• Task objective
From the records below, print exactly the lines starting at the one containing "2T3R1RFV5MW142910 Toyota a25a-fks" and ending at the one containing "Soul Exchange The: Edge Of Sanity", ends included, and nothing else.

=== Dataset records ===

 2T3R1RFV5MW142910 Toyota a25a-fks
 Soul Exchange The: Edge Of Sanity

===
=== Dataset records ===

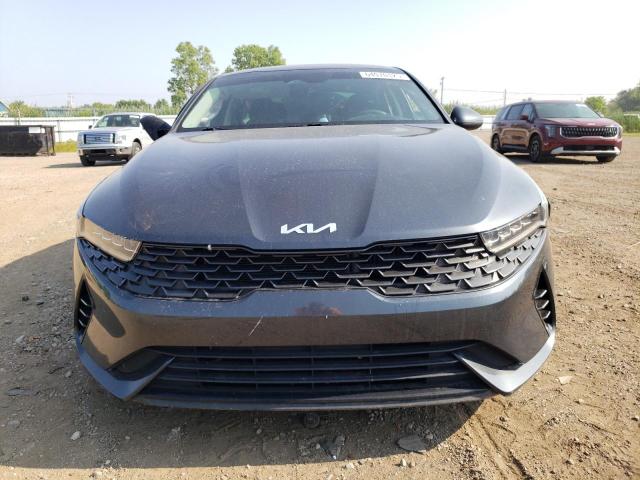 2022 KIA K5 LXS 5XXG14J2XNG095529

===

• Output of the task
 2T3R1RFV5MW142910 Toyota a25a-fks
 Soul Exchange The: Edge Of Sanity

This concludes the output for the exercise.